Four Reasons to Jump on This Medium

The shareholders, CEOs, clients, and marketing VPs relying on PR to support corporate and marketing efforts need to reach the person at the other end of the emailed newsletter: the subscriber. You can reach this person with a splashy magazine spread if he or she is looking or through a profile or roundup story in a major newspaper or newsmagazine if you’re lucky. But, compared to online newsletters, PR:

  • Can’t reach as many subscribers
  • Can’t reach subscribers as directly
  • Can’t reach subscribers while they’re sitting right at their computers ready to click over to a company’s web site
  • Can’t reach subscribers as cost-effectively

Publicity arriving in the ultimate consumer’s email inbox is so awesomely powerful as to make all other media, well, offline.

A Case in Point

A few weeks ago, I got an urgent email from a total stranger. He just read a false accusation in the I-Sales discussion newsletter that my client was conspiring to violate its customers’ privacy. The outraged stranger dug up my name in the company’s online pressroom.

The very next day I posted a response in defense of my client. Over the next two days, other loyal customers weighed in. In all, apart from the unwarranted attack, 131 lines appeared in the heart of I-Sales.

I-Sales has only three sponsoring positions for its daily discussion list. A six-line ad costs a little more than $1,000. The combined lineage defending this client amounted to 23 sponsorship ads, or more than $20,000. Since the real value of this cyberinterchange derives from its source comments by fellow list subscribers real dollar values are inestimable. And no, I didn’t plant that posted attack, but it gives you an idea of how fast and cost-effective newsletter communications can be.

I-Sales is a double opt-in newsletter with a $70 CPM that limits itself to 20K total text per issue.
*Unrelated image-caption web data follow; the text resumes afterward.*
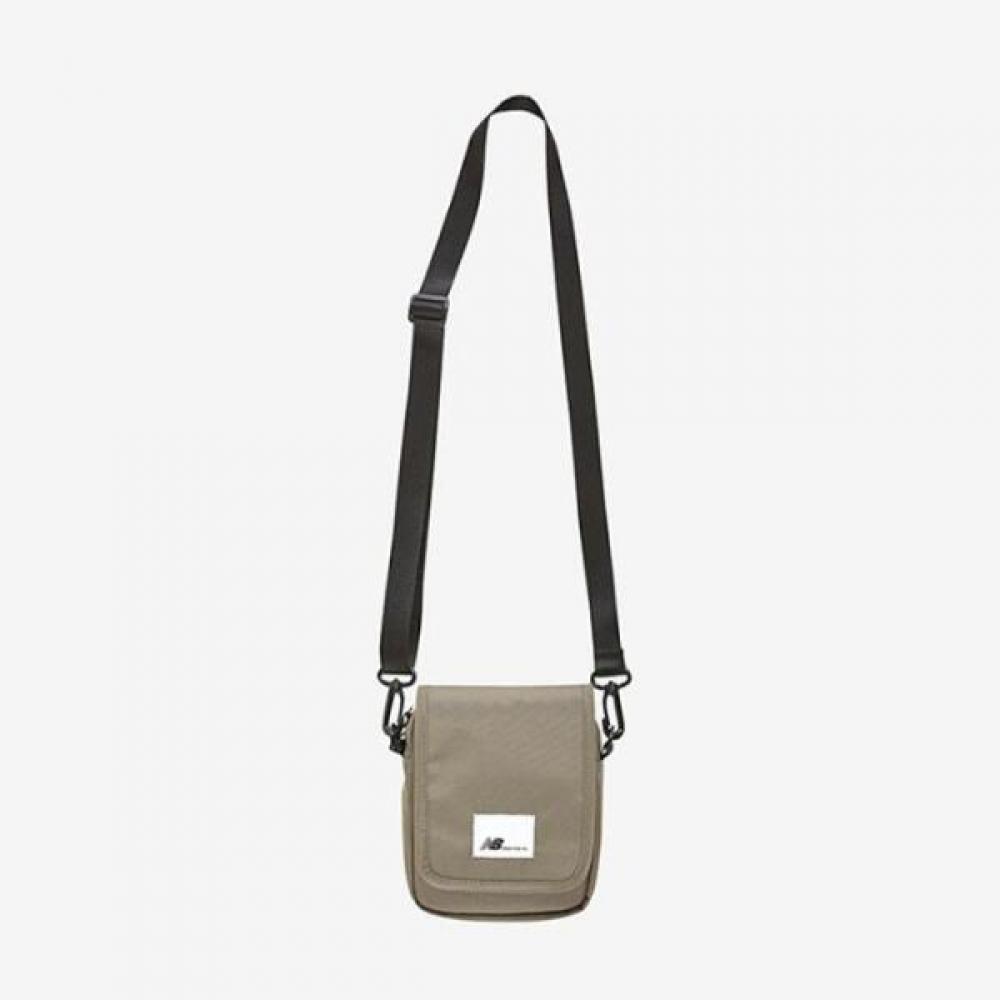 

Sellerhub Sports Сумка New Balance Базова сумка через плече Nbgccaa501 39 FREE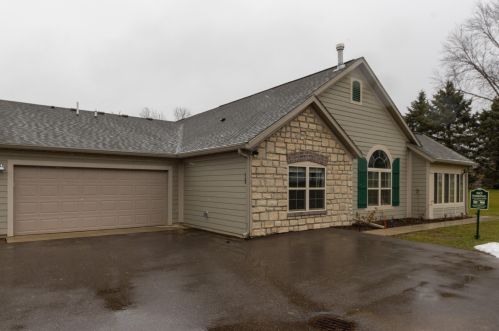 2621 Bluestone Cir, Kalamazoo MI  49009-6761 exterior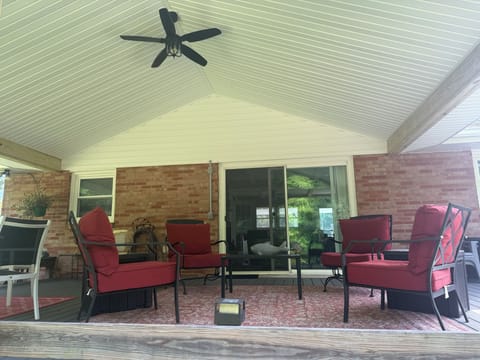 Large covered deck to enjoy the river even more !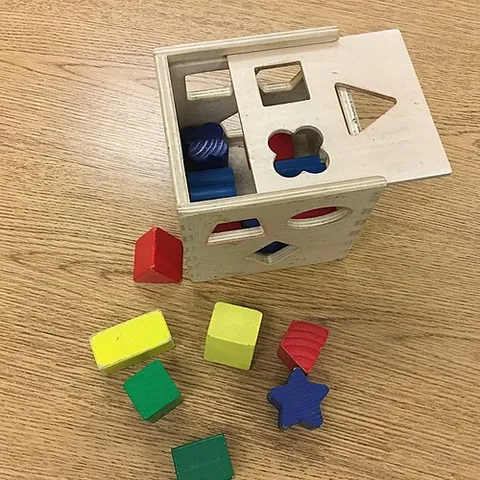 square peg in a round hole: someone or something that does not fit well or at all in a certain setting; a misfit; hence,...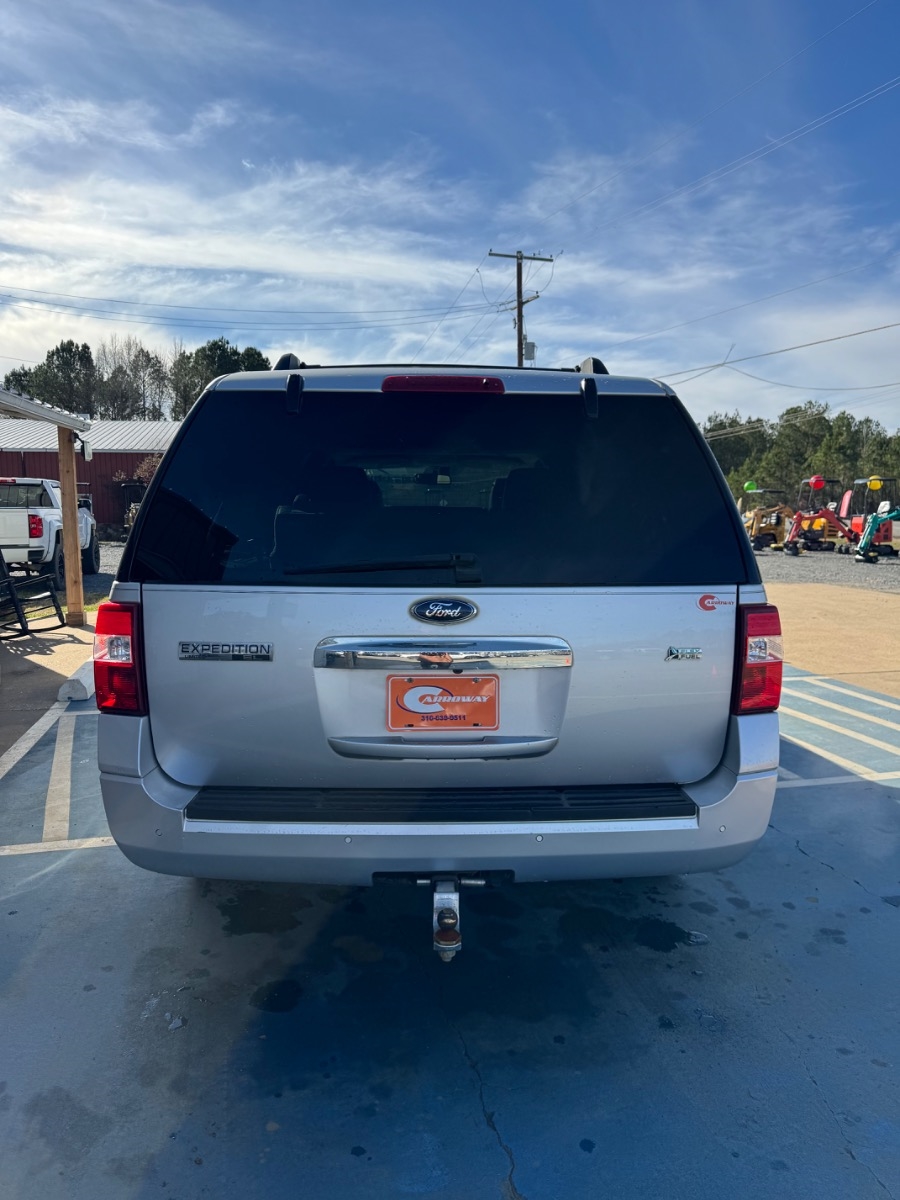 Ford Expedition EL 2WD 4dr Limited 2012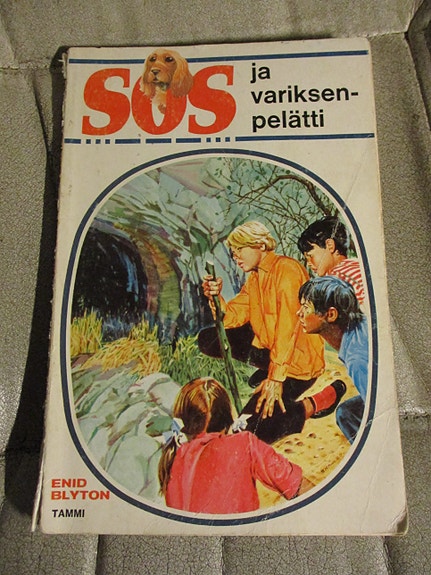 Enid Blyton kirjoja Salaisuus, SOS, Viisikko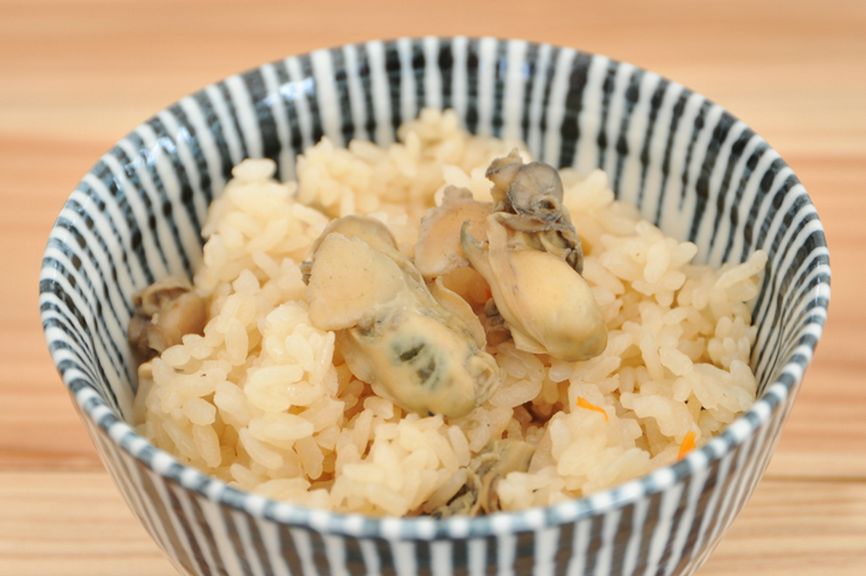 海のエキスがたっぷりご飯にしみ込んだ自家製『牡蠣めし』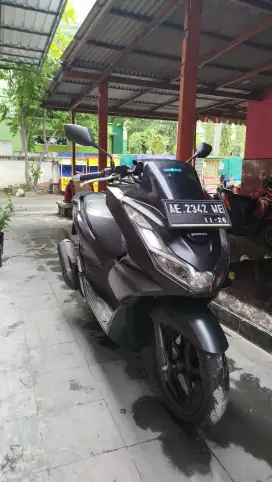 HONDA PCX 160 HITAM DOFF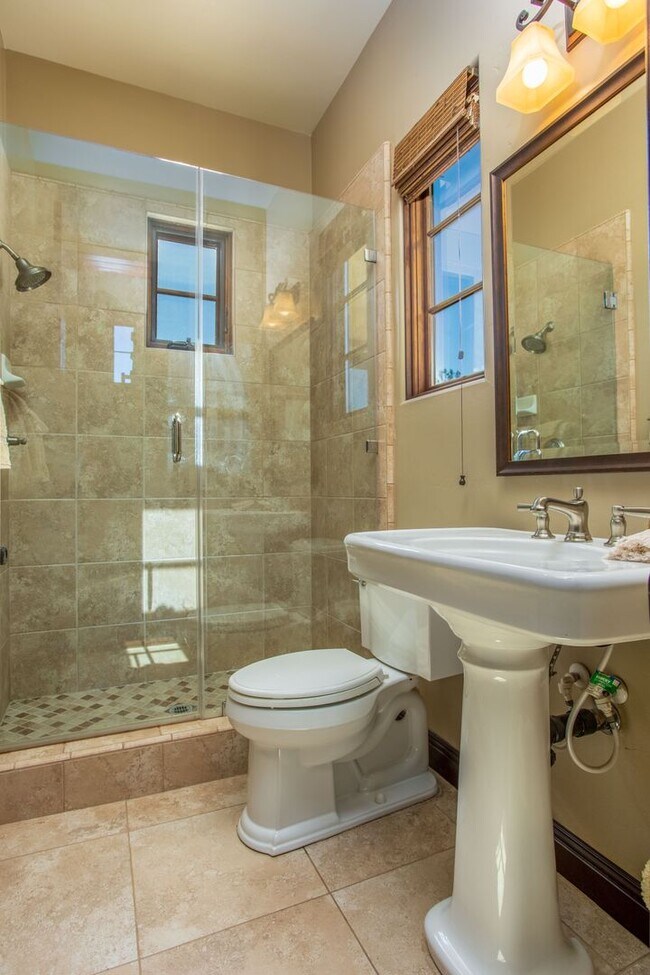 Building Photo - Large 5 bed / 5 bath Tuscan Style Home on ...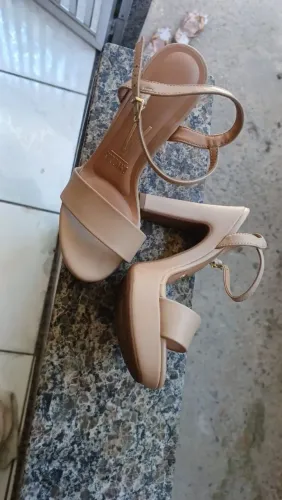 Sandalia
In addition to the 13,000 or so circulation of I-Sales which is part of a family of 50,000-plus Audette subscribers the 100,000 customers to my client’s service received a newsletter in their separate email boxes that same week, with a hyperlink to another newsletter, ClickZ whose circulation is more than 50,000 referencing remarks made by its CEO.

Doing the math, you’re looking at reaching into more than 150,000 opt-in email boxes and maybe another 100,000 casual (nonsubscribing) readers of those same newsletters.

OK, it’s not the cover of Time magazine, but if you’re looking for results and not for prestigious laminated exhibits, it would be hard to downplay this medium. To reach the people in the specific niche you’re targeting, start including online newsletters and related online media. You might find the more realistic measure of program success is in tracking click-through rates, not counting clips.

If you have a different opinion or, better, an online newsletter publicity story, cough it up. Next week’s column is on online newsletter publicity techniques and how your story can get into email boxes around the e-marketing world. Just where you found this article today.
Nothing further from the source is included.